The Price/Earnings ratio of the company stands at 87.13, because of which, it is not a surprise that the prices of the shares of Nvidia are down. This ratio is very high, which means that right now, the shares of the company are not worth buying. Generally, it is better to buy shares when the P/E ratio is around 20. As of now, the prices of the company are still high, however, the trend shows that the 5-day change of the prices of the shares of the company re down 35.91, which is about 6.64%.
In terms of fundamentals, the market capitalization of the company is as much as 311,634,368, annual stales stand at $10,198 m, and annual income at $2,796 m. The annual dividend and yield of Nvidia are 0.64, which is 0.12%. Historically, the chip industry in the United States have been a mix of several players, the market was divided into two parts, midsize companies, and Intel.
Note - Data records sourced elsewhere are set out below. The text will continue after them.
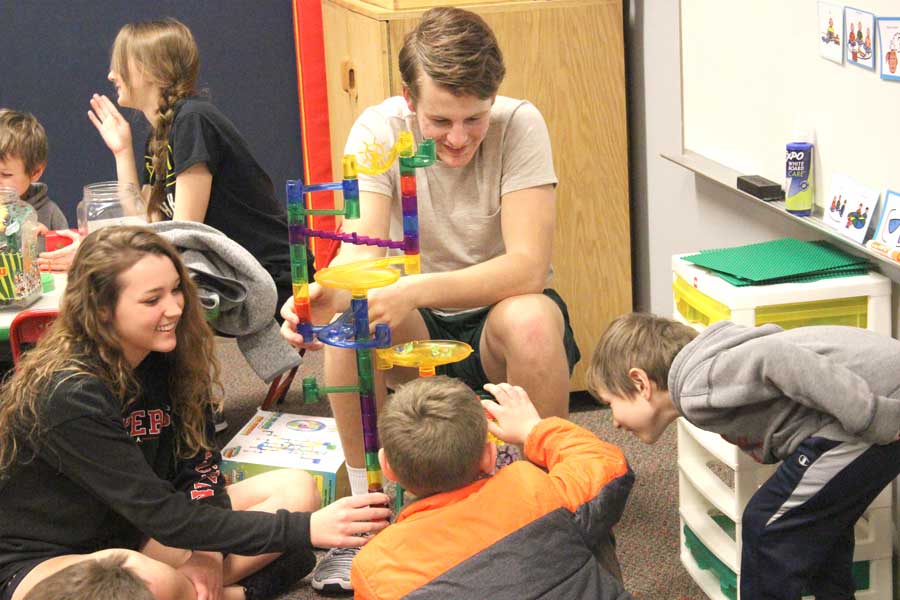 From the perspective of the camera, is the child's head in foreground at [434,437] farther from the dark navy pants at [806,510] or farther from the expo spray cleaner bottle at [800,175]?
the expo spray cleaner bottle at [800,175]

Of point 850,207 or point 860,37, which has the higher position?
point 860,37

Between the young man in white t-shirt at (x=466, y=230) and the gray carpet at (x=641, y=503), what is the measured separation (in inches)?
13.5

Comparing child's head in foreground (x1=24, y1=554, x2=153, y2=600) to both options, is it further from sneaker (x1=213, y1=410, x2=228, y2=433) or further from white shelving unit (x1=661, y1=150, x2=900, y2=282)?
sneaker (x1=213, y1=410, x2=228, y2=433)

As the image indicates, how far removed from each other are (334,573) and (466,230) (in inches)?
28.3

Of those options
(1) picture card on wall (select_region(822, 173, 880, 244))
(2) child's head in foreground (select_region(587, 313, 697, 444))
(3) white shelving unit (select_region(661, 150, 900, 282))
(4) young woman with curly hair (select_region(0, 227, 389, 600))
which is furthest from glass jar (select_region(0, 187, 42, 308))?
(1) picture card on wall (select_region(822, 173, 880, 244))

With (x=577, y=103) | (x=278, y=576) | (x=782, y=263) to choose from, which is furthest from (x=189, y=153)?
(x=782, y=263)

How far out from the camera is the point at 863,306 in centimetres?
188

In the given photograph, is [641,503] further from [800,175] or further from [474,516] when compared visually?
[474,516]

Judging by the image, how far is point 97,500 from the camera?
1873 mm

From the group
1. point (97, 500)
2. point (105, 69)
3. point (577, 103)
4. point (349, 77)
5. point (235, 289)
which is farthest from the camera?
point (105, 69)

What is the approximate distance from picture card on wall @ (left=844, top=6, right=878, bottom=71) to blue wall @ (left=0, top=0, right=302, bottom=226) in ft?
9.08

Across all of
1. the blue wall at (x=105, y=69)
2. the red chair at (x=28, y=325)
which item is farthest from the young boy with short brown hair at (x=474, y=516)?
the blue wall at (x=105, y=69)

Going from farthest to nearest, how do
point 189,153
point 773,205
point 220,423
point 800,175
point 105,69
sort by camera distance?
point 105,69
point 220,423
point 189,153
point 773,205
point 800,175

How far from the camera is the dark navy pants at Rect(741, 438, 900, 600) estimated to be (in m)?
1.63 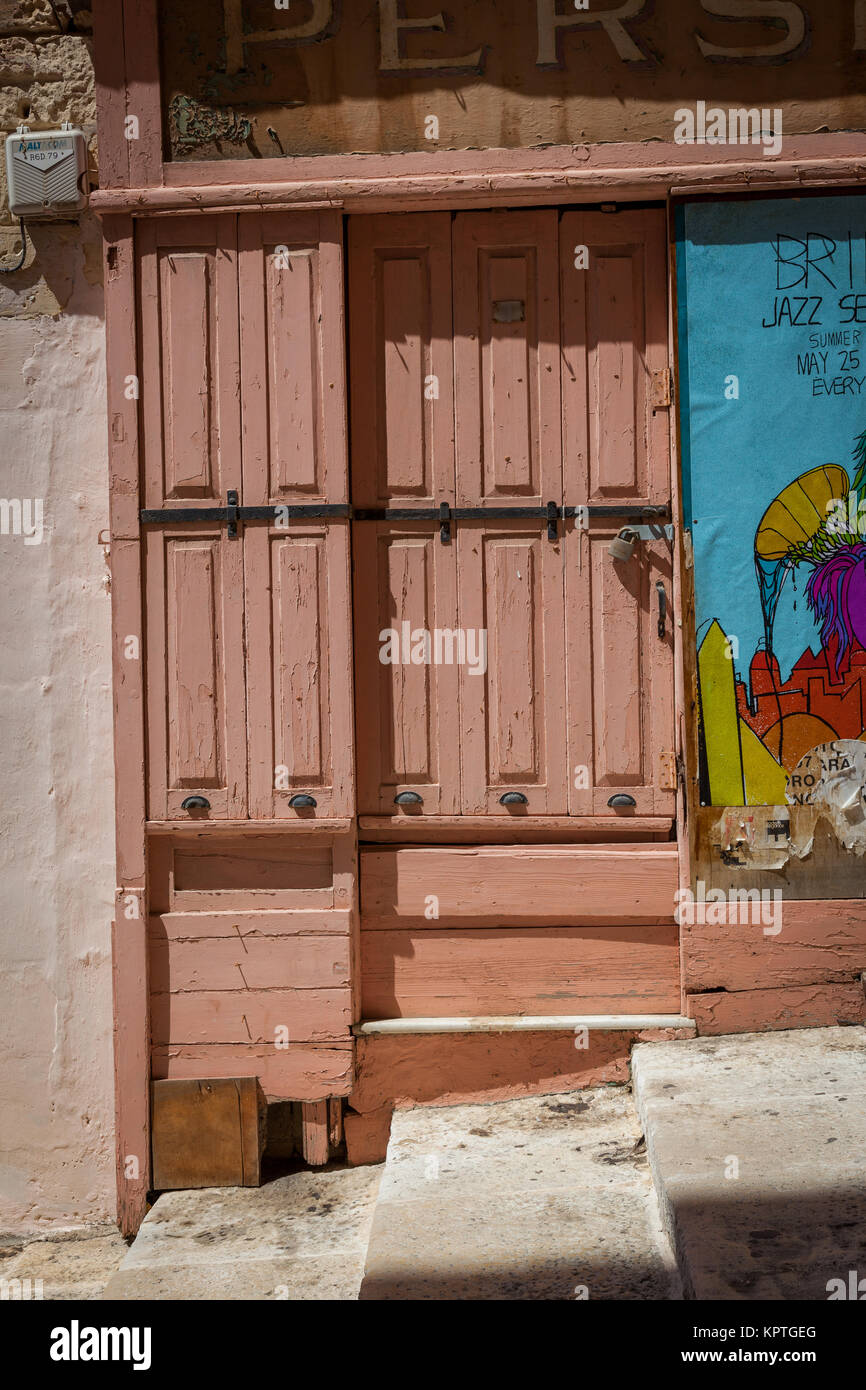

However, this year, it seems like the trend is somewhat changing.
Because of the current situation on the market, representatives of top stock brokers on the market are claiming that traders continue to invest in AMD and Nvidia, as market experts are claiming that the companies might become more relevant on the market.
Prices of Nvidia Over the Last Few Months
As the chart shown above indicates, the prices of the shares of the company have been increasing significantly for the last few months, which is one of the major reasons why the P/E ratio of the company is so high. The prices have been on a rise since the end of the last year, after which, in March, because of the Stock Market Crash 2020, caused by the Covud-19 pandemic, the prices went down. However, it quickly regained momentum and was on a steady increase until the end of August.
At the beginning of September, the prices of the shares of the company went down a lot after a steady increase. After this, however, the uptrend was somewhat continued up until October. Right now, the prices of the shares of the company are down again, however, it is a very natural thing to happen. Since the P/E ratio of the company is so high, not so many investors are buying the shares.
Compared to March of 2020, the prices of shares of the company are more than doubled, which is a very impressive increase. One of the main reasons for it is the fact that because of the Covid-19 pandemic, the demand for chips has been increased a lot. Because of this situation, companies such as Nvidia and AMD are doing very well on the market.
AMD and Nvidia are facing some challenges, however, which could end up in several different ways. Both Nvidia and AMD are doing very well on the market, compared to the begging of the year, the shares of AMD are up almost 80%, while the prices of shares of Nvidia are almost doubled. The changes that are happening on the market might help Nvidia and AMD to stand at the same level as Intel, however, there still are a lot of things that have to happen.
USA also has some other companies on the market that are huge competition for chip manufacturers. One of them is Qualcomm, and Texas Instruments, both of these companies have market value which is higher than AMD’s. These two companies, however, mostly focus on different markets, Qualcomm is focused on mobile devices, while TI’s chips mostly rely on real-world signals.
On the other hand, Intel has been known as the industry leader int he country, but this trend is changing a little nowadays because of some manufacturing missteps, also, the company has announced earlier that the manufacturing of the new generation of chips had been fallen behind, which puts Intel behind of world’s top manufacturing companies. All of these are happening while other companies on the market are offering people around the world new and well-developed technologies, which puts Intel under a huge pressure.